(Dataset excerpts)
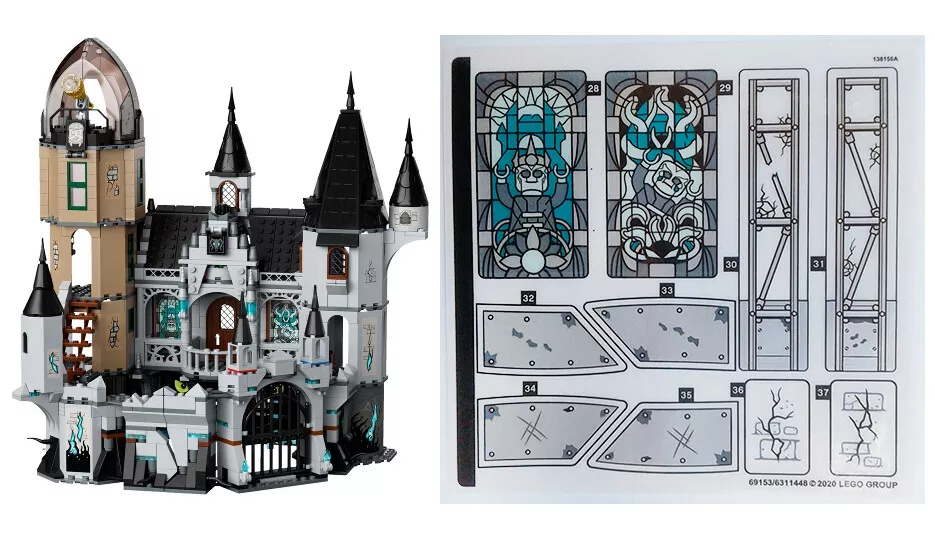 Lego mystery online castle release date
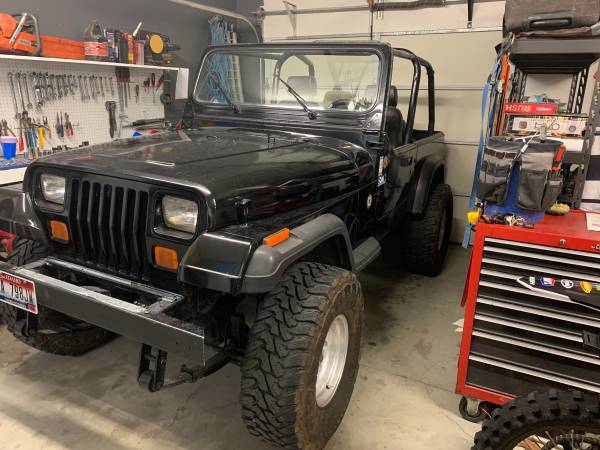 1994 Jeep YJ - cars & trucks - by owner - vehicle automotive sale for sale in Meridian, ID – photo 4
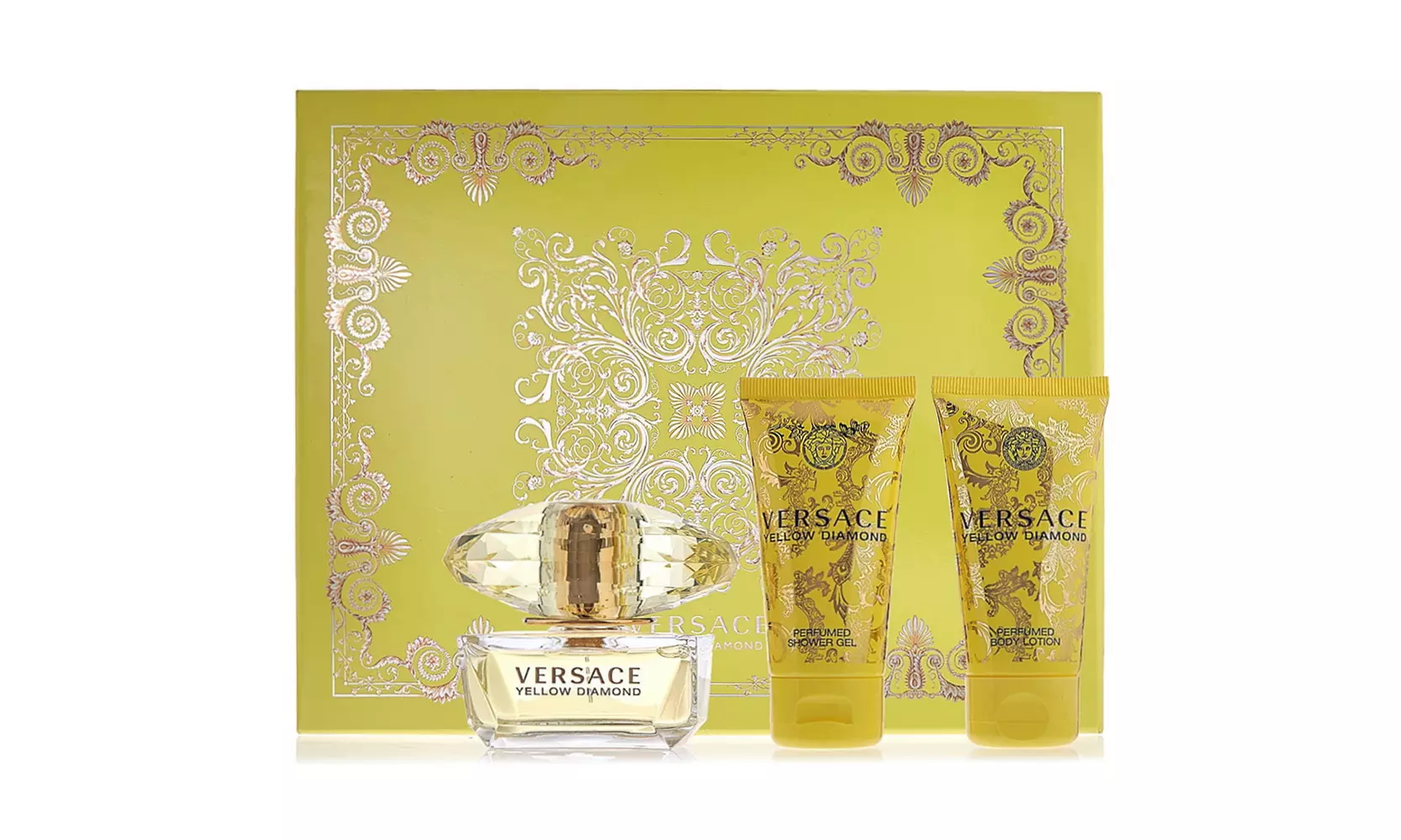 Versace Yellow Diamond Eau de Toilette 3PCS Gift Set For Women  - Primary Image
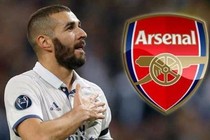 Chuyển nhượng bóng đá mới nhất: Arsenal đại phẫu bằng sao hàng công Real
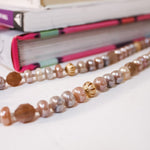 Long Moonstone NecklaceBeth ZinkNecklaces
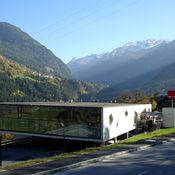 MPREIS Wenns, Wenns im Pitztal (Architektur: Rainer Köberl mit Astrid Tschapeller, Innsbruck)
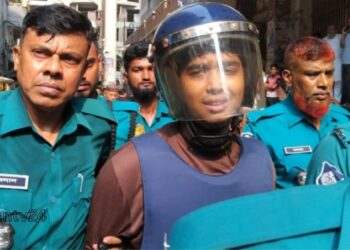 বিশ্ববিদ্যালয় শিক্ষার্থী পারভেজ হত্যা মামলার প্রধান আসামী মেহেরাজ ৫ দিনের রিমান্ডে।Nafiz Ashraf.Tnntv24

* Work to complete: Copy nothing outside the span: please output the lines from the one with "Long Moonstone NecklaceBeth ZinkNecklaces" through the end of the entries above, and skip the pictures.

* Written solution:
 Long Moonstone NecklaceBeth ZinkNecklaces
 MPREIS Wenns, Wenns im Pitztal (Architektur: Rainer Köberl mit Astrid Tschapeller, Innsbruck)
 বিশ্ববিদ্যালয় শিক্ষার্থী পারভেজ হত্যা মামলার প্রধান আসামী মেহেরাজ ৫ দিনের রিমান্ডে।Nafiz Ashraf.Tnntv24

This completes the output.